## GIVEN DATA
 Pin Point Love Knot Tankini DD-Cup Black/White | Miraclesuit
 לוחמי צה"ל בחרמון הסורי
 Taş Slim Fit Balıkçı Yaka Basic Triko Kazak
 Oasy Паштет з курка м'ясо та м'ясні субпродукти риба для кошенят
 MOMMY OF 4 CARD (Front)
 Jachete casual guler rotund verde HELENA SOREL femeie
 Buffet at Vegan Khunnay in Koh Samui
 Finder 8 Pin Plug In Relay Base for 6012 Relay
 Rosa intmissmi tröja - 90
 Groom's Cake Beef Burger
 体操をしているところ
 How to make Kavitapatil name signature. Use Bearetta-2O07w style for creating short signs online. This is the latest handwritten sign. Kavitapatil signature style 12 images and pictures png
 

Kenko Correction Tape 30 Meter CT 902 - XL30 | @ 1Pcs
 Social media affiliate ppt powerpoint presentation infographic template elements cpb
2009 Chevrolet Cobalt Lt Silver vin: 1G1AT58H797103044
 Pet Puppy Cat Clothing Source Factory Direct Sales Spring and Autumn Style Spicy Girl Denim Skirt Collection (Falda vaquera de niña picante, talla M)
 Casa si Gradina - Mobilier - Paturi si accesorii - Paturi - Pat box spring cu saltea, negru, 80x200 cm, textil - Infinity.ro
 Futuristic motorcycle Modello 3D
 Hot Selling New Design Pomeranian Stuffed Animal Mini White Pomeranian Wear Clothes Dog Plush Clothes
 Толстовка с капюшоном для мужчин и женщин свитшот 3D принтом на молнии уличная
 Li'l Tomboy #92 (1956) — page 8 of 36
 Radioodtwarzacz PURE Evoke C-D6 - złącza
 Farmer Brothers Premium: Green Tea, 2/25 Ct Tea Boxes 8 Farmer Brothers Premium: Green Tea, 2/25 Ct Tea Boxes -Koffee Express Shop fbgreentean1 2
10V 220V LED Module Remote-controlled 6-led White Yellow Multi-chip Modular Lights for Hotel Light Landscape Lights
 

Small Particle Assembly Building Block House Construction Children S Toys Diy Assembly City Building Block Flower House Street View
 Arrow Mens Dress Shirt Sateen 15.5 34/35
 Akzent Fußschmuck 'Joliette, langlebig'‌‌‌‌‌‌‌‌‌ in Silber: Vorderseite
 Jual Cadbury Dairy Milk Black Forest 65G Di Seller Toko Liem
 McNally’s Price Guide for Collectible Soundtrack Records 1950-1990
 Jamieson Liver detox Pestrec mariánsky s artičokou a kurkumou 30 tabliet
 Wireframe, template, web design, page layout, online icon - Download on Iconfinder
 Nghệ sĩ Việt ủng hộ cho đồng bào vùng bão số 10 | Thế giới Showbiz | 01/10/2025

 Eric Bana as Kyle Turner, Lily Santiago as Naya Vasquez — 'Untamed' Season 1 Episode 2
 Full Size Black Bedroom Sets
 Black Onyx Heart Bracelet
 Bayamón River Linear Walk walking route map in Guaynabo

## TASK BRIEF
Count the lines above with the string "online"; report only that figure.

## EXERCISE RESPONSE
2